→ Directions:
The lines from the one containing "Лялька Monster High" through the last line below, both ends included, must be reproduced exactly, with no pictures.
(Listed entries Opens)
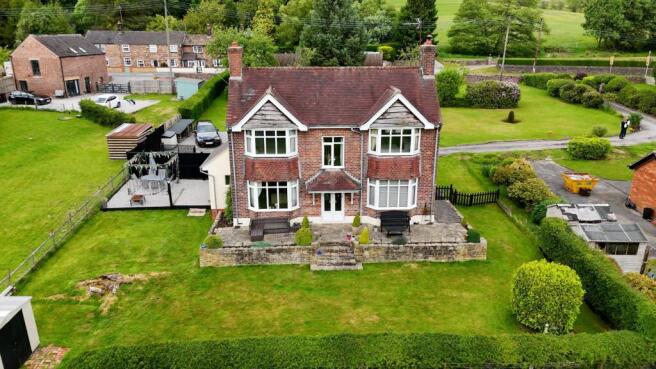 Congleton Template.00_00_24_16.Still134.jpg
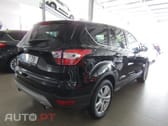Ford Kuga 1.5 TDCi Titanium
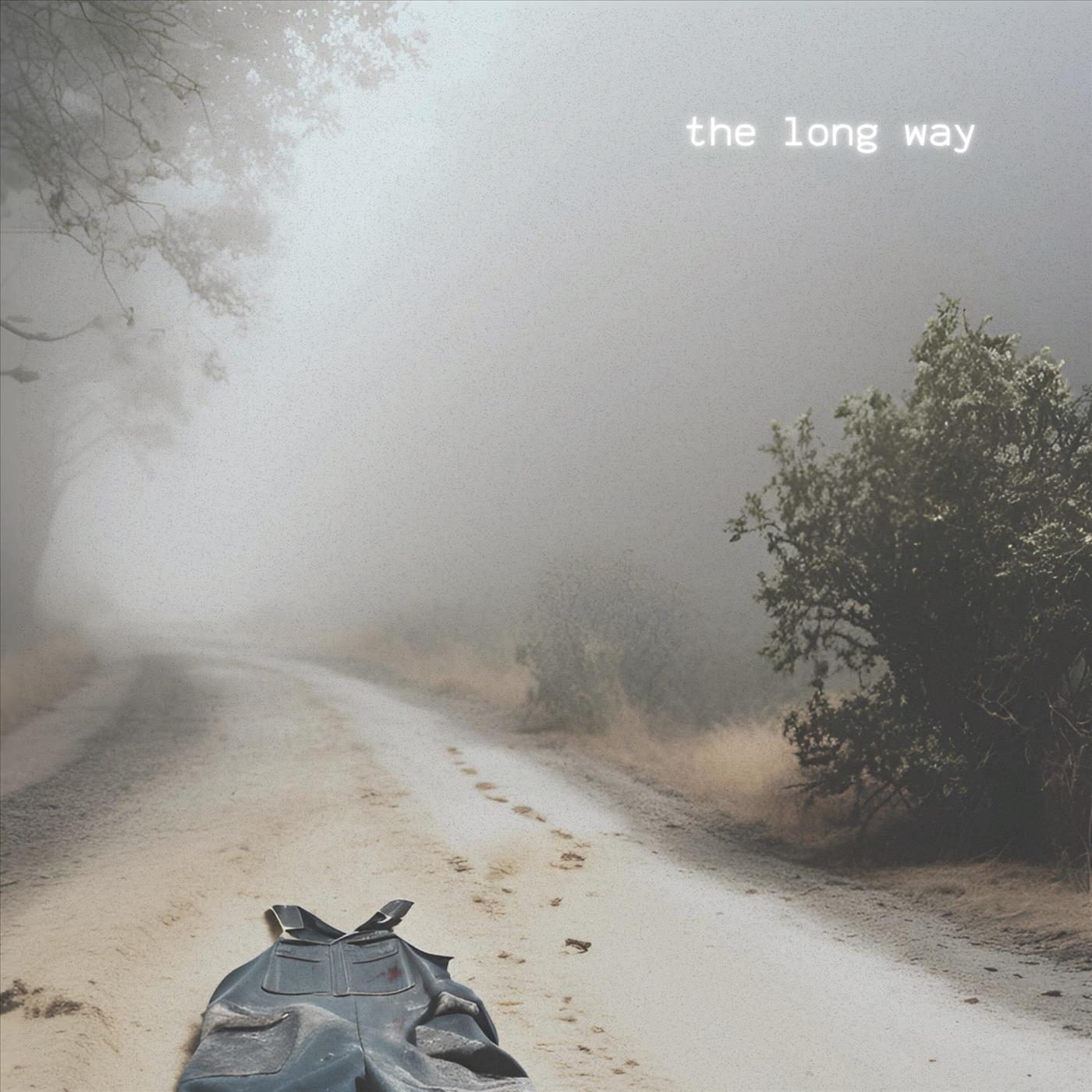 The Waiting Radio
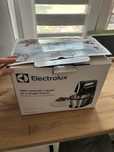 Mikser Electrolux z obrotową misą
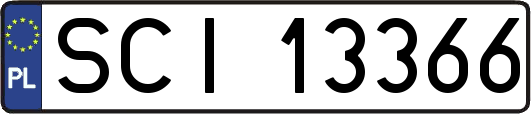 SCI13366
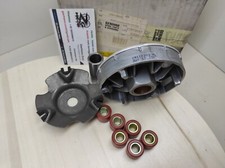 Originale cm110303 piaggio usato  Conversano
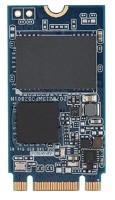 Produktbild SQF-SM4 840V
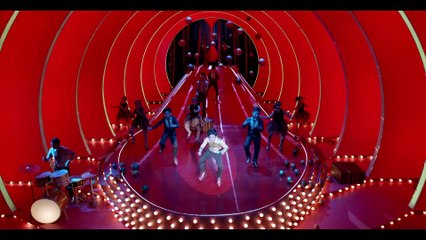 मोहाली  गांव सेखन माजरा के गुरुद्वारा साहिब में चोरी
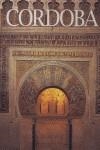CORDOBA | 9788471563088 | VARIS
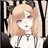hiveku0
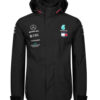 141191034100_MAMGP_MENS_RAIN_JACKET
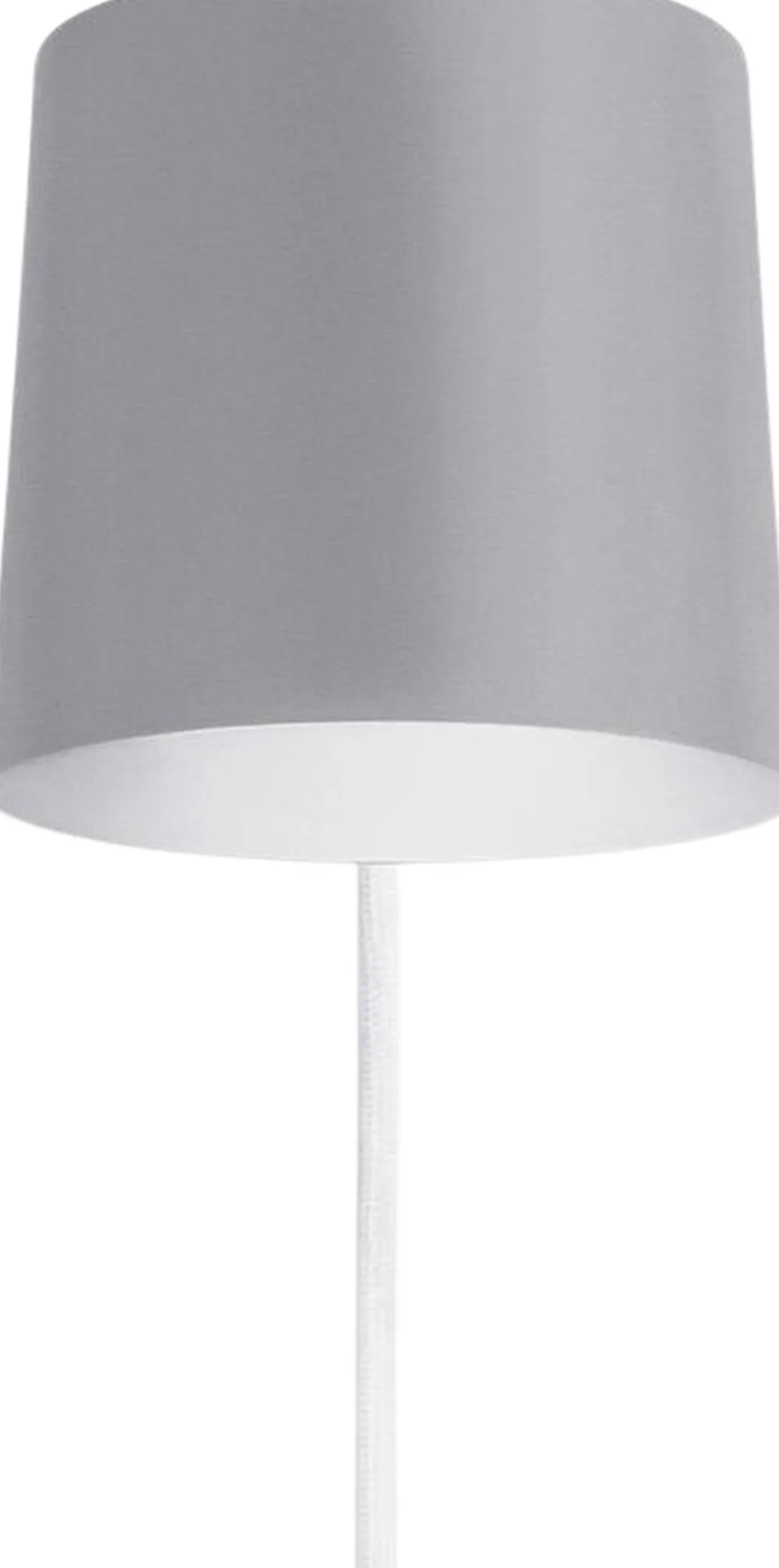 Normann Copenhagen Væglamper<Rise væglampe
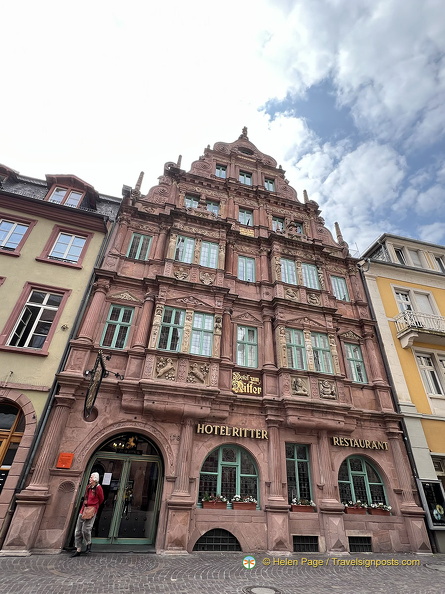 Heidelberg IMG 7213 (302访问量) Heidelberg IMG 7213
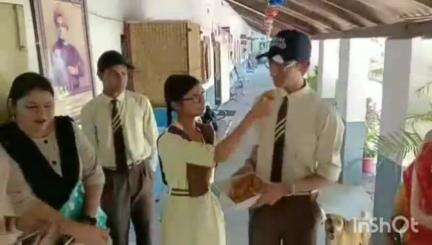जबलपुर: एमपी बोर्ड की 10वीं और 12वीं की पुनर्मूल्यांकन परीक्षा 17 जून से, फेल या अनुपस्थित छात्र दे सकेंगे परीक्षा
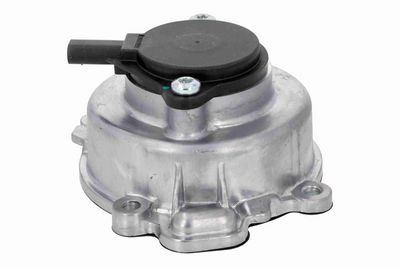 STEUERGEHäUSEDECKEL VAICO V106775 6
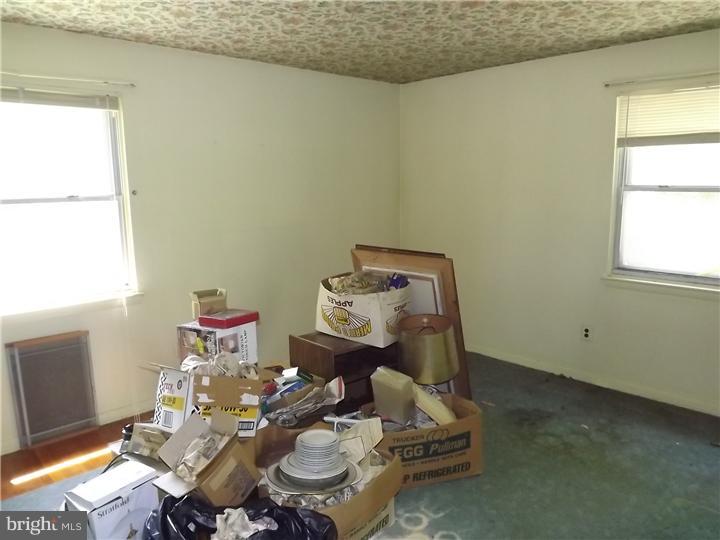 964 Hawks Bridge Road Mannington, NJ 08079 - Photo 9 of 13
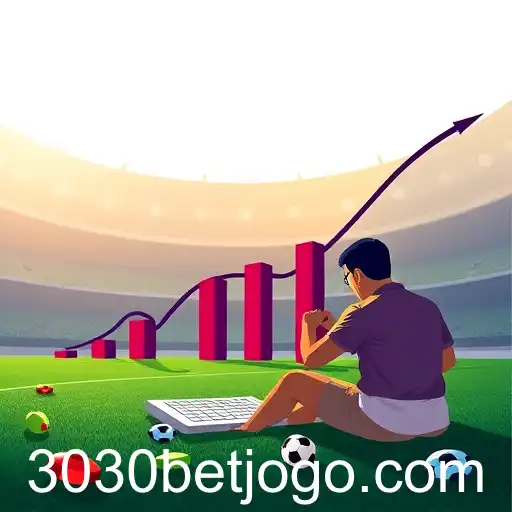 A Ascensão dos Sites de Apostas em 2026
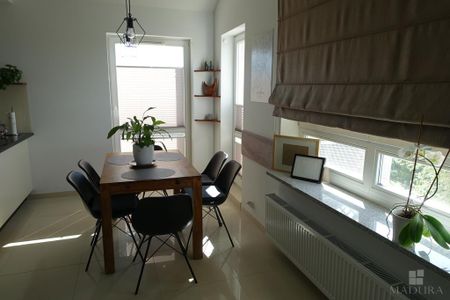 MIESZKANIE na WYNAJEM - Photo 4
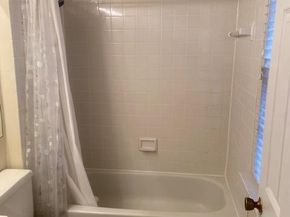 1730 16TH Street NW 16, Washington DC 20009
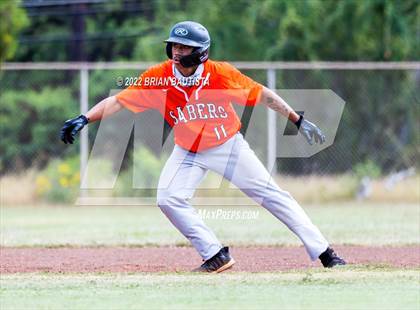 Thumbnail 2 in Campbell @ Kapolei photogallery.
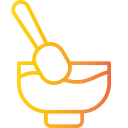 mescolata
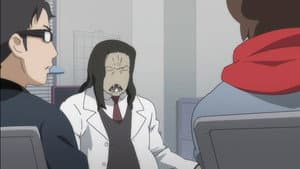 Episodio 10
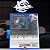 Jogo Devil May Cry 5 Special Edition (Seminovo) - PS5 - Imagem 4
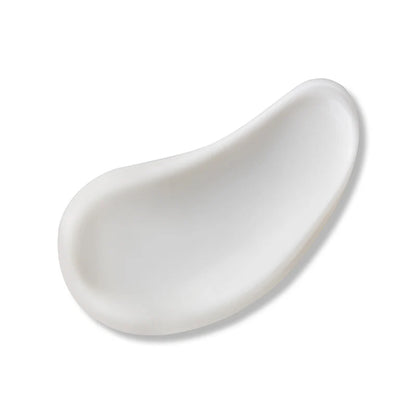 Nutriderm Cream 50ml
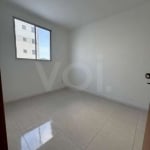 Apartamento para Locação em Joinville, Adhemar Garcia, 2 dormitórios, 1 banheiro, 1 vaga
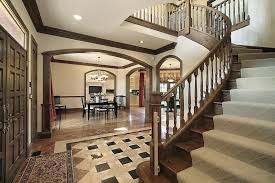 Check spelling or type a new query. 27 Gorgeous Foyer Designs Decorating Ideas Designing Idea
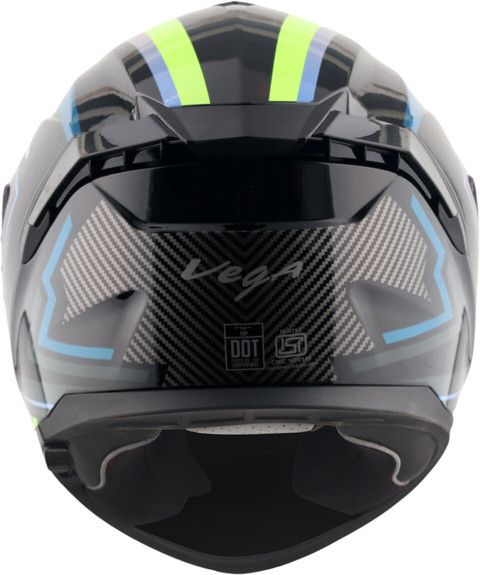 かめ -original-imahcn36jwpyfmtw.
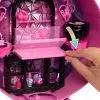Лялька Monster High Набір з лялькою Дракулора “Таємна зіллєварня” (JKD76) зображення 6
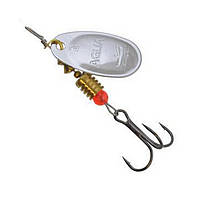 Блешня Fishing ROI - Aglia N - Обертова - №5 - 12г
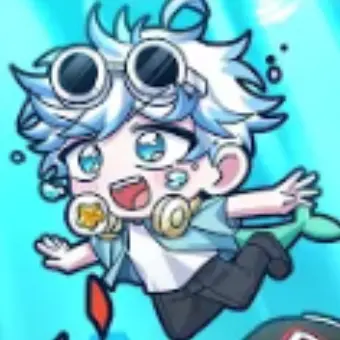 Profile image of 우유참치
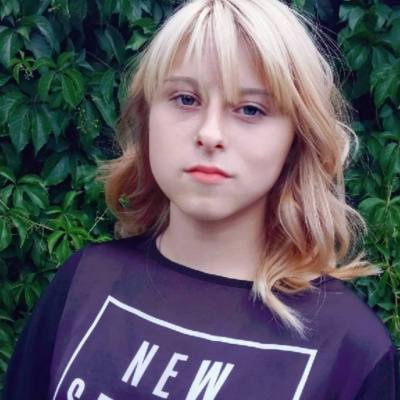 Світлана 21 years  Ukraine
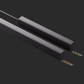 AQARA V1 Track Power Supply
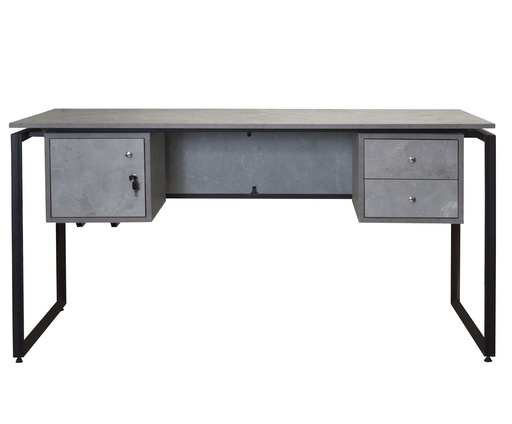 میز تحریر تارا 160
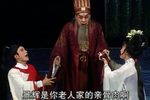 德政碑探监 选段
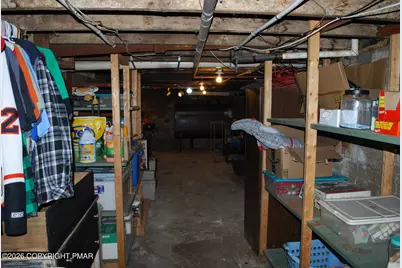  254 E South Street, Allentown, PA 18109 - Photo 21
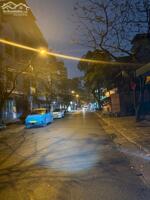 Bán nhà kim đồng giáp bát 4 tầng dân xây phân lô ô tô đỗ cửa hoàng mai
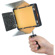 Godox LF308: Picture 4 thumbnail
(Listed entries Closes)
→ Answer for the task:
Лялька Monster High Набір з лялькою Дракулора “Таємна зіллєварня” (JKD76) зображення 6
 Блешня Fishing ROI - Aglia N - Обертова - №5 - 12г
 Profile image of 우유참치
 Світлана 21 years  Ukraine
 AQARA V1 Track Power Supply
 میز تحریر تارا 160
 德政碑探监 选段
  254 E South Street, Allentown, PA 18109 - Photo 21
 Bán nhà kim đồng giáp bát 4 tầng dân xây phân lô ô tô đỗ cửa hoàng mai
 Godox LF308: Picture 4 thumbnail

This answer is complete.